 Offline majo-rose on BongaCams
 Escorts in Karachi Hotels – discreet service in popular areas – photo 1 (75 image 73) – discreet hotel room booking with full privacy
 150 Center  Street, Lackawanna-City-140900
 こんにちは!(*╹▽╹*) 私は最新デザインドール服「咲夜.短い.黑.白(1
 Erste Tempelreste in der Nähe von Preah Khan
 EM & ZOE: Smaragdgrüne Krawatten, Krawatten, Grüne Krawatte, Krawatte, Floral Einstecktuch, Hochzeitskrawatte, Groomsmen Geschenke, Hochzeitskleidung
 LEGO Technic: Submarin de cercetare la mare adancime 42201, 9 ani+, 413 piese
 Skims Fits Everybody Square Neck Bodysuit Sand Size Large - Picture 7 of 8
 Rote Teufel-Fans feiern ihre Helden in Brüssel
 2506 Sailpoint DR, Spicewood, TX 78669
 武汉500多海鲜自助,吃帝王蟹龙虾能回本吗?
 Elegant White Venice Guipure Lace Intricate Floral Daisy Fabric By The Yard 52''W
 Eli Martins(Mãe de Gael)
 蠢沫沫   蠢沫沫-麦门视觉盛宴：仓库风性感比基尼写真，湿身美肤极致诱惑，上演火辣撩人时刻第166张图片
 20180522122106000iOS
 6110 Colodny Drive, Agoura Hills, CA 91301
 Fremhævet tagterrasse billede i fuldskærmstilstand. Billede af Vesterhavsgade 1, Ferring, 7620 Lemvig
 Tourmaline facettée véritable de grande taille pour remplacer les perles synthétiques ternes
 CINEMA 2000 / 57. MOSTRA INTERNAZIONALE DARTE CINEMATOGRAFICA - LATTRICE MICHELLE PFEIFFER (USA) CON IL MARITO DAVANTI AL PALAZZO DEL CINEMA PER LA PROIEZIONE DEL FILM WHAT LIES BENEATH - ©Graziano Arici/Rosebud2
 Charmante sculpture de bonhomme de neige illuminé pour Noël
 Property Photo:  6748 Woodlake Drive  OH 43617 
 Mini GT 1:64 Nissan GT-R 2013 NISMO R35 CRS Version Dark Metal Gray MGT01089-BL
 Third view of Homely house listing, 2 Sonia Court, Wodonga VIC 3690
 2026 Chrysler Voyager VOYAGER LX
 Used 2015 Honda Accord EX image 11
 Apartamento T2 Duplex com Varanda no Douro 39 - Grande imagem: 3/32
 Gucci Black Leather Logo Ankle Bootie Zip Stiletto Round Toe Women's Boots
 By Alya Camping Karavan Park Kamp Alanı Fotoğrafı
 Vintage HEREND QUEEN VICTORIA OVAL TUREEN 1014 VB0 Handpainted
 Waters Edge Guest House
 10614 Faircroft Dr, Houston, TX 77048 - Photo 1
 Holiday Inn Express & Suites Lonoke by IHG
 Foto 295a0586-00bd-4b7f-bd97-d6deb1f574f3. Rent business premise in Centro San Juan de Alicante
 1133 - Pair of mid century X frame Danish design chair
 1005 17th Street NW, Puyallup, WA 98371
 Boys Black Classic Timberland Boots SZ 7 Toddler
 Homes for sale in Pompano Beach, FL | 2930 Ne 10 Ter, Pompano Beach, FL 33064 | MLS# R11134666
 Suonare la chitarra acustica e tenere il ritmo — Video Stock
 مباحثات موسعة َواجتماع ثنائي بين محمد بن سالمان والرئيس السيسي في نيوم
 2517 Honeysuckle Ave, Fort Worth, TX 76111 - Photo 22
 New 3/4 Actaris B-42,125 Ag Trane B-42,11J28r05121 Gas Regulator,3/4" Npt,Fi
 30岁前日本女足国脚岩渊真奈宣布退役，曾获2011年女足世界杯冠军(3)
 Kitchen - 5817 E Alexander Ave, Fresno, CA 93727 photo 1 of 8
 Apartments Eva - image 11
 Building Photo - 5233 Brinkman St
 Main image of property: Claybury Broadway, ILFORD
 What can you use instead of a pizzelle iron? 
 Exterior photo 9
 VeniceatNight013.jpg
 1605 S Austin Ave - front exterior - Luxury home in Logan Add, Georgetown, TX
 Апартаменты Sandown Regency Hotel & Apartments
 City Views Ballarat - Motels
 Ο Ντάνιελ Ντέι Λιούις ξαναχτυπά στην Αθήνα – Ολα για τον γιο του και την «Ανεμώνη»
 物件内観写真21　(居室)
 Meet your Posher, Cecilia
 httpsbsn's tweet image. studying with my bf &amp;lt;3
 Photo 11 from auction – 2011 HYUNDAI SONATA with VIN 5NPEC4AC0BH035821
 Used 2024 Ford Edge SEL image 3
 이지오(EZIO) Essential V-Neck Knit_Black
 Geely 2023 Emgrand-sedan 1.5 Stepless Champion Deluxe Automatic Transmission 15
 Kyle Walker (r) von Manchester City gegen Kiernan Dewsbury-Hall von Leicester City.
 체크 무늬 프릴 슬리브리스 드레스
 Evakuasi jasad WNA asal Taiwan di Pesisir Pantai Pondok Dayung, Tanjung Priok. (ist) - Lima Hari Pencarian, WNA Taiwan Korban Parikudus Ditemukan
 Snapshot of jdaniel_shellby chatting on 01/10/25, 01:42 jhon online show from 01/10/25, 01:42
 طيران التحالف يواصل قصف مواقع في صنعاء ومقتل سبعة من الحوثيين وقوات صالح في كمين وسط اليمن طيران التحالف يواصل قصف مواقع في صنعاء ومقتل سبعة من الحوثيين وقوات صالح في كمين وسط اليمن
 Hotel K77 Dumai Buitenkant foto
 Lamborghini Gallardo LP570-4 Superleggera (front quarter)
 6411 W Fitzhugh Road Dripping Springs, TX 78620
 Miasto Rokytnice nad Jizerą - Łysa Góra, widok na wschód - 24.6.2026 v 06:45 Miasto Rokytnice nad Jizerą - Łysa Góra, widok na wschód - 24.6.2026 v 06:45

**Exercise objective:** Your task is to repeat the records exactly. Begin at their first line and stop after the line containing "EM & ZOE: Smaragdgrüne".

**Response area:**
 Offline majo-rose on BongaCams
 Escorts in Karachi Hotels – discreet service in popular areas – photo 1 (75 image 73) – discreet hotel room booking with full privacy
 150 Center  Street, Lackawanna-City-140900
 こんにちは!(*╹▽╹*) 私は最新デザインドール服「咲夜.短い.黑.白(1
 Erste Tempelreste in der Nähe von Preah Khan
 EM & ZOE: Smaragdgrüne Krawatten, Krawatten, Grüne Krawatte, Krawatte, Floral Einstecktuch, Hochzeitskrawatte, Groomsmen Geschenke, Hochzeitskleidung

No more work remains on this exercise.